Renal Cell Carcinoma Clinical Trial
Official title:
OBSERVATIONAL STUDY EVALUATING THE EFFICACY OF TARGETED TREATMENTS FOLLOWING TYROSINE KINASE INHIBITORS IN METASTATIC RENAL CELL CARCINOMA PATIENTS AND EFFECTS ON QUALITY OF LIFE: A NATIONAL, MULTICENTER STUDY
Metastatic renal cell carcinoma (mRCC) is the most common malignant tumour of the kidneys.
Targeted therapies, which were recently introduced in the treatment of mRCC, have become the
standard treatment in these patients.

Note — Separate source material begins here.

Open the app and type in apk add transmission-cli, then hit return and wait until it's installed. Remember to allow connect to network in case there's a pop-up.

With improved survival rate and a tolerable side effect
profile, Tyrosine Kinase Inhibitors (TKIs) have largely replaced conventional immunotherapies
worldwide.
In Turkey, due to reimbursement conditions, cytokine (interferon alpha) treatment is the
standard treatment as first-line therapy.

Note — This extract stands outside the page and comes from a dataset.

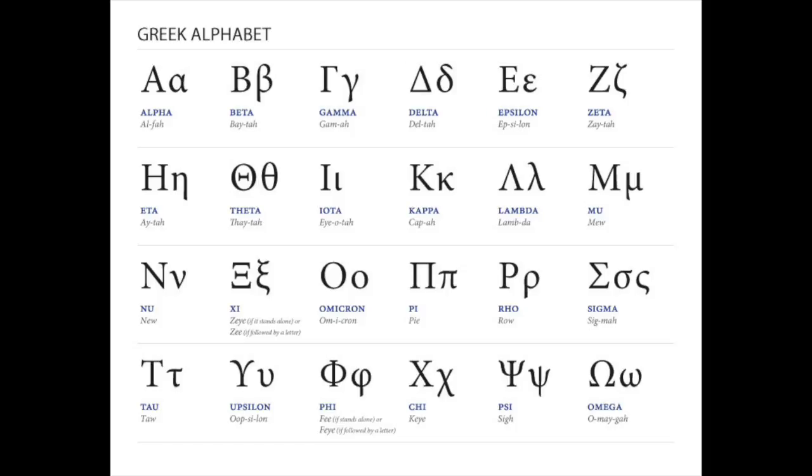And that is the Greek alphabet properly pronounced, much different from what we've been taught in school. But this is the proper Greek pronunciation. Hope you've enjoyed it. Watch for more videos coming very soon.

Therefore, the data on quality of life (QoL) from the pivotal studies with standard TKI
treatment does not reflect the QoL status of patients treated with TKIs as second or third
line treatment in Turkey. In this study, the clinical outcomes and the impact on quality of
life of targeted treatments following TKIs will be explored. To our knowledge, since there is
no similar reimbursement condition in the world placing IFN as the first line standard
treatment, this will be the first study evaluating the QoL status with targeted therapies
used as 3rd line treatment in mRCC patients.
Background:
Metastatic renal cell carcinoma (mRCC) is the most common malignant tumour of the kidneys.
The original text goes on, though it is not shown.